This fault builds up stress for hundreds of years as the Juan de Fuca and North America Plates push against each other. Eventually, the two plates rip apart, creating some of the largest earthquakes and tsunamis on earth. Where the Juan de Fuca oceanic plate and the North American continental plate meet is called a subduction zone, because the denser Juan de Fuca Plate is being pulled under North America. The Juan de Fuca Plate is moving to the northeast at about an inch a year as the North American Plate moves west. The Oregon coastline is actually bulging upward from the two plates pushing against each other.

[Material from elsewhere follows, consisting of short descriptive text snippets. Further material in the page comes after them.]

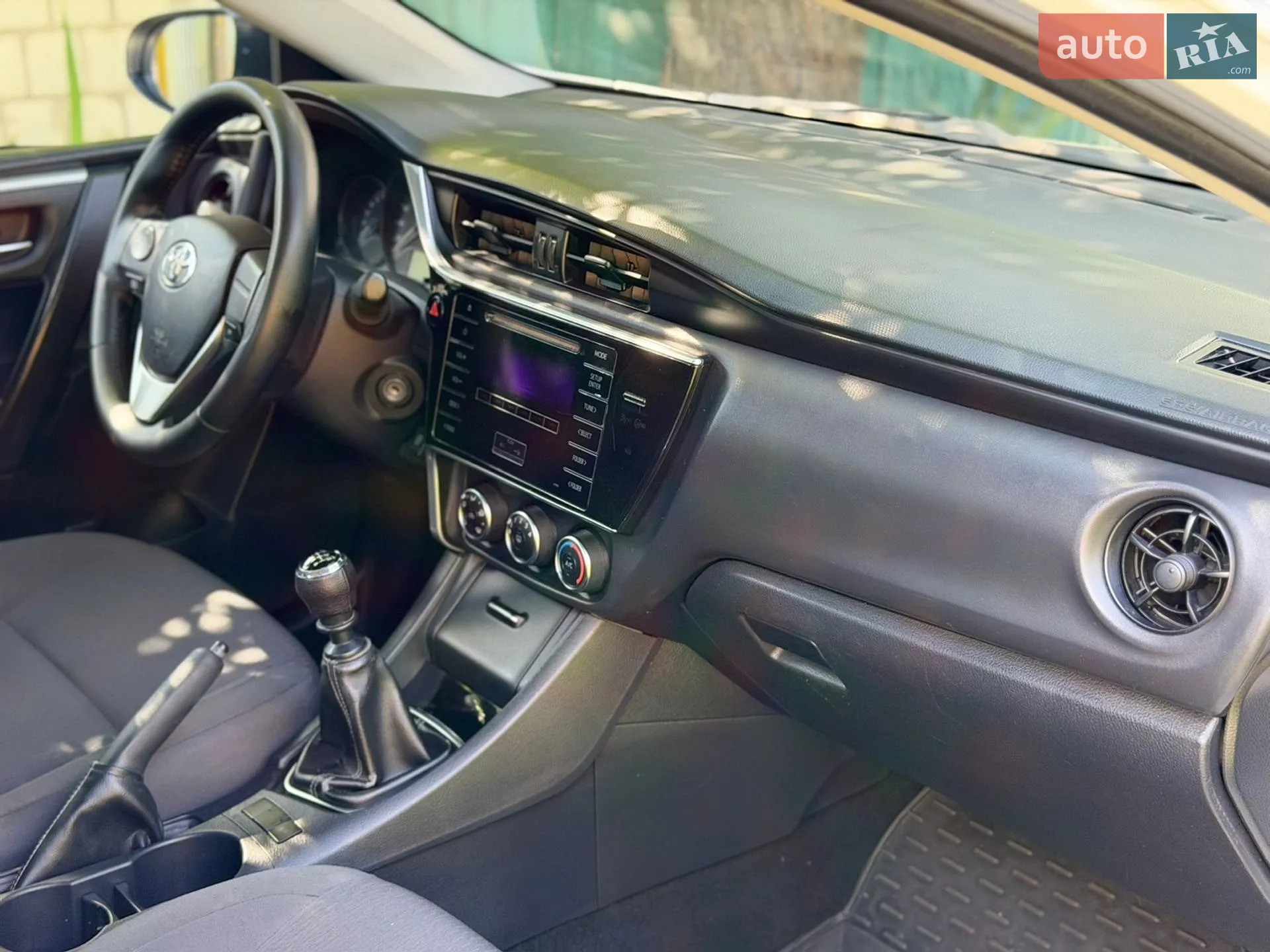 2017 Toyota Corolla - мініатюра 24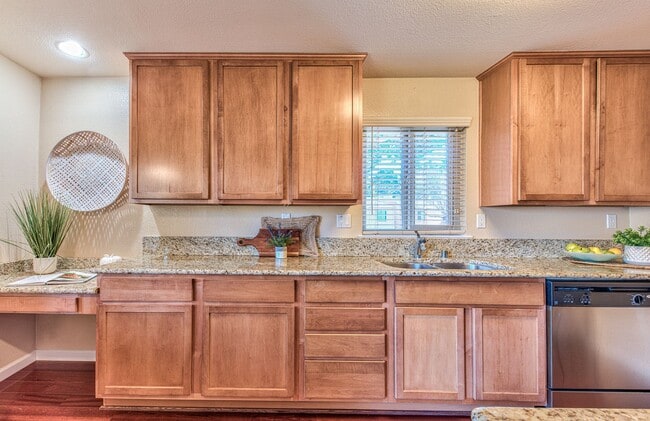 Building Photo - Ground Floor Condo at Footprints on the Bay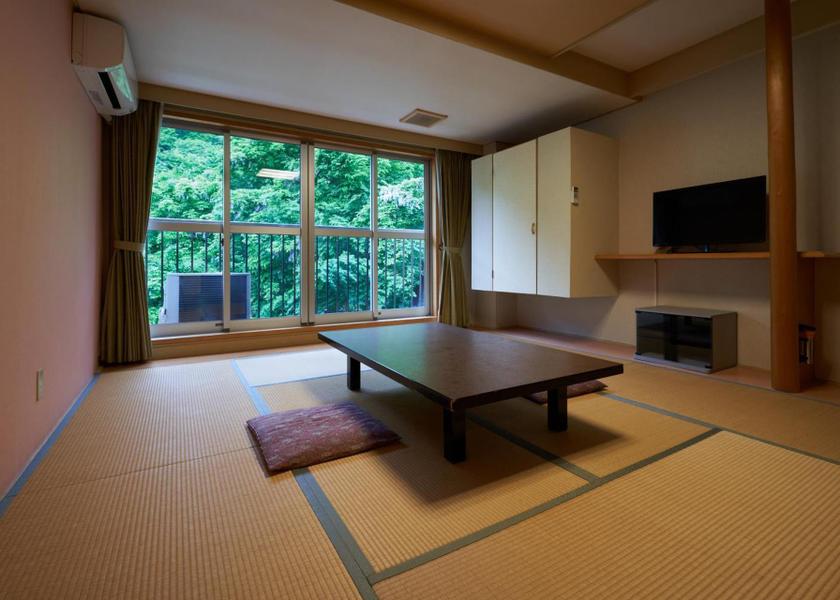 Gunma Nakanojo Triple Room with Shared Bathroom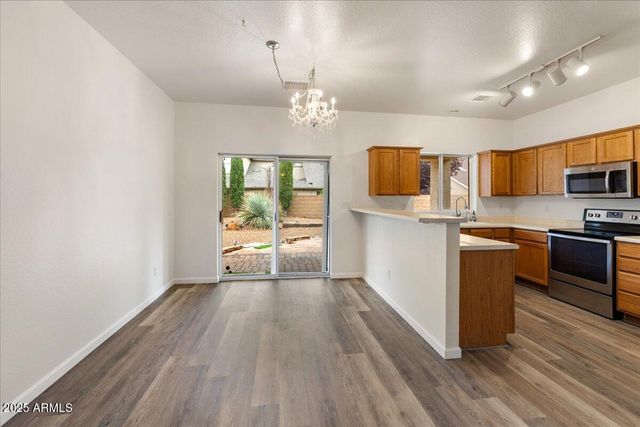 556 N ROBLES Street, Dewey, AZ 86327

There are over 1000 earthquakes over magnitude 1.0 in Washington and Oregon every year, with at least two dozen being large enough to be felt. Approximately 17 people have lost their lives due to earthquakes in the Pacific Northwest.

Since 1872, there have been 20 damaging earthquakes in Washington and Oregon. The Pacific coast poses special risk from tsunamis associated with a Cascadia Subduction Zone earthquake. In addition to Subduction zone earthquakes, Oregon is also susceptible to crustal earthquakes. The two largest earthquakes in recent years in Oregon, Scotts Mills, (magnitude 5.6) and the Klamath Falls, main shocks (magnitude 5.9 and magnitude 6.0) of 1993 were crustal earthquakes.